Re: TAPE_SIM_MIM_RECORD errors on AIX

2001-02-20 19:50:23
Subject: Re: TAPE_SIM_MIM_RECORD errors on AIX
From: David Bronder <david-bronder AT UIOWA DOT EDU>
Date: Tue, 20 Feb 2001 18:50:47 -0600
Brian Murphy wrote:
>
> I corrected the AAAx output by using the errupdate and errinstall parts of
> the Atape installation procedure.
>
> I am wondering though if these errors are normal, does that mean that they
> are nothing to worry about and that I should alter the error template to
> turn logging of these errors off.
>
> Does anyone know if there is ever cause to pay attention to these errors?
>
> Should I perhaps also do this for the TAPE_DRIVE_CLEANING errors logged as
> the tape library is dealing with this itself?

The cleaning errors are normal.  Generally you'll see two SIM_MIM_RECORD_3590
messages and the TAPE_DRIVE_CLEANING message logged to errpt.  The cleaning
messages (as long as they're not too frequent) are just informative.

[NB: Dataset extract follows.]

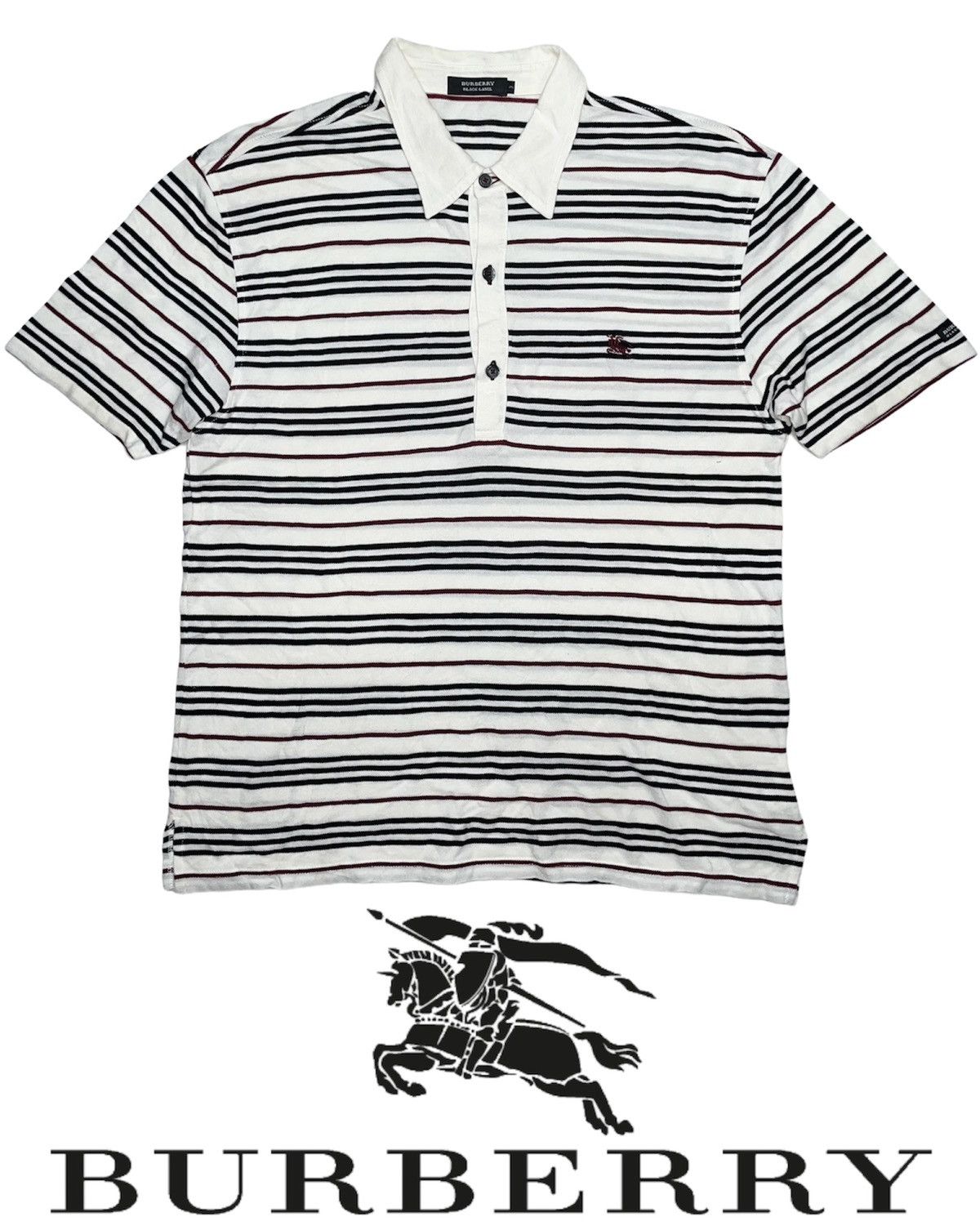 Burberry × Designer × Vintage Vintage Burberry Black Label Polo horizontal Stripes button Size US M / EU 48-50 / 2 - 3 Thumbnail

The SIM/MIM messages can be lots of things.  To tell for sure, you need to
decode the sense data in the log entry.  If you have a hardware reference
for your tape drive, you can manually do that.  The two that accompany a
drive cleaning correspond to the "needs cleaning" notice and the "just been
cleaned" notice.

Other SIM/MIM messages can indicate more serious problems, so you should
investigate any that don't fit the SIM_MIM + CLEANING + SIM_MIM pattern.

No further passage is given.